You know, I rag on the Star Wars prequel trilogy a lot, but in the end that’s mostly out of love. I love me some Star Wars, and even at their most ridiculous, the prequels are still mostly watchable, enjoyable films. A lot of people claim that they squander the magic of the original trilogy, which is perhaps mildly true, but one of their weirdest imprints on the legacy of Star Wars might not be as clear at first glance. Today, we’re going to discuss how the prequel trilogy kinda made the Jedi seem like assholes.
The original trilogy featured only three real Jedi, the incredibly old and decrepit Obi-Wan and Yoda, and the childlike and immature Luke, but they still made being a Jedi seem like the coolest goddamn job in the entire universe. You could influence people’s minds, use telekinesis, you get the coolest weapon ever made, and you probably get to save the galaxy from space Nazis. Maybe less is more, though, because the prequels introduced us to a literal army of Jedi in the prime of life, deadly warriors who knew precisely how to use their powers and could take on incredible odds and come out unscathed.
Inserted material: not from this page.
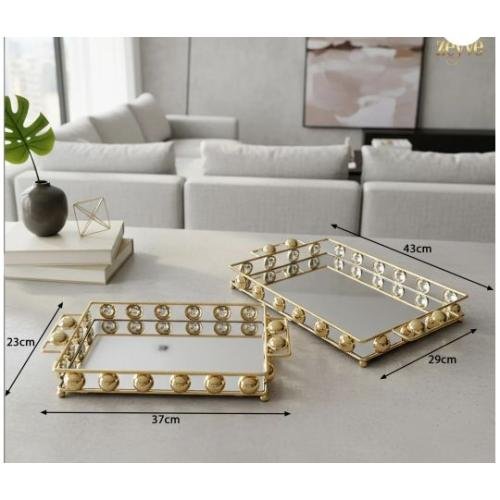 Lüks tepsi boncuk model zeyve aynalı nişan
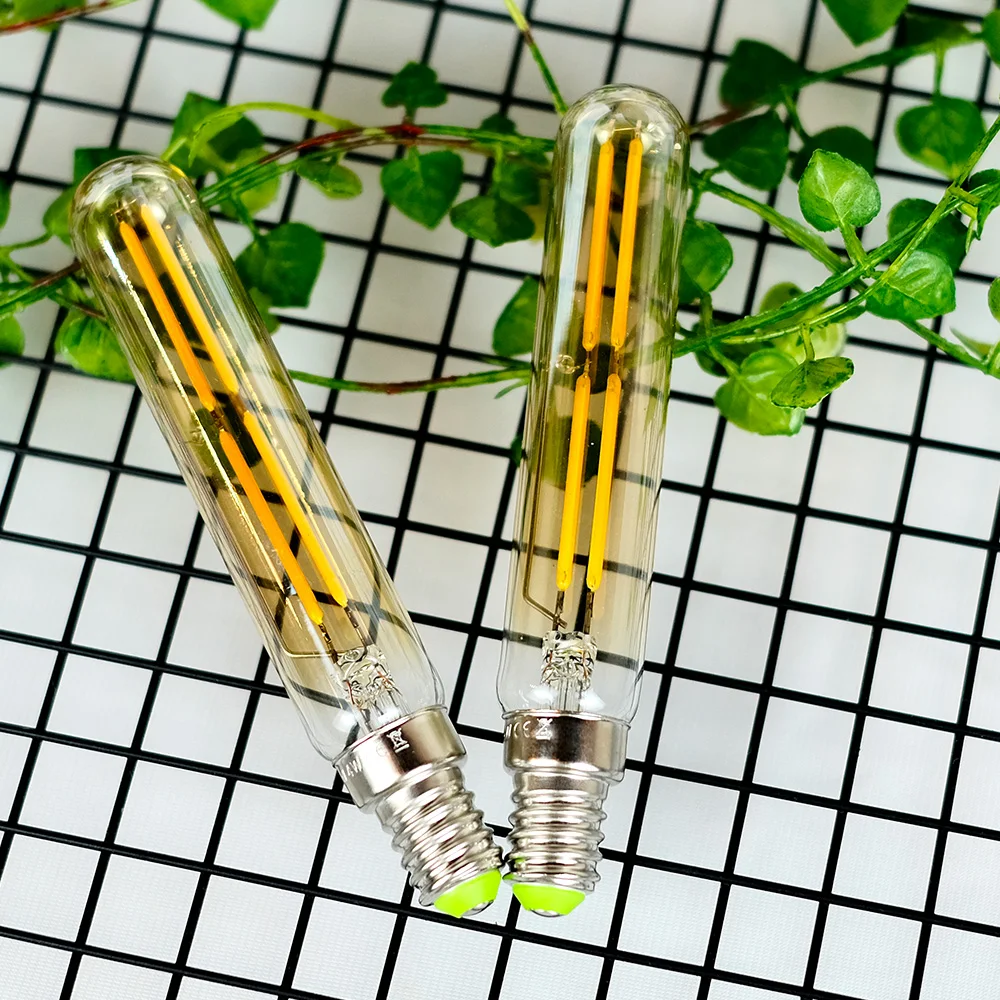 TIANFAN 2-Pack Vintage Led Bulb Tubular T20 4W Warm White Small Edsion Screw Base E14 Decorative Edison Bulb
Those powers make them almost superhuman, and if you’re a comic book fan, you’d like to think that ordinary citizens would react to Jedi as if they were actually superheroes. Instead, people seem to view them with a weird mixture of trepidation and fear, as if their mere appearance was a sign that a situation was about to get worse instead of better. What’s more, the Jedi as an organization were hazily defined - were they a religious order, a collection of supercops, political operatives, arbitrators, military advisors? They seemed to shy away from actual governance, but didn’t hesitate to take on every single other role in the galaxy. Weirdly enough, if you take them generally, the Jedi are a bit hazily defined, but taken on an individual basis, they seem to just be sour and mean-spirited folk.
Part of the problem might be the sheer arrogance with which they use their powers. It’s already kind of frightening to think of cops with lightsabers, but it’s probably even worse to think of cops that can literally change your mind for you when they don’t like how you’re thinking. No one is better (or perhaps worse) at this than Qui-Gon Jinn in Episode I; the guy waves his hand around so much he might as well be at a rap concert. Most of these situations aren’t even life and death; he occasionally uses, or attempts to use his powers to shorten negotiations that could be dealt with through language, which is a bit odd since he’s supposed to be some kind of arbitrator. The prime example is when he's attempting to buy a hyperdrive off of Watto; Watto says, straight up, that Republic credits are of no use to him, but Qui-Gon attempts to mind control him into accepting currency that he can't actually use. That's little better than theft, and certainly isn't something that seems to be representative of the best and noblest minds in the universe; at least when Obi-Wan pulled a similar stunt in Mos Eisley, it was a near life-and-death matter compelling him to do so. Qui-Gon also manipulates the mind of the leader of the Gungans...funny he doesn't remember it when they meet again later in the film.
In retrospect, the Trade Federation might’ve been right to try and kill Qui-Gon rather than negotiate with him, because he probably would’ve just brainwashed them to try and get home a bit earlier. There’s a Nixon-like quality to Qui-Gon, as if anything he does is right simply because he’s doing it, no matter how shaky his ethics; if the rules don’t suit him, he’ll change the rules and think little of it, or even cheat to further his goals, as he does when he manipulates the die roll that Watto casts to earn him Anakin's freedom.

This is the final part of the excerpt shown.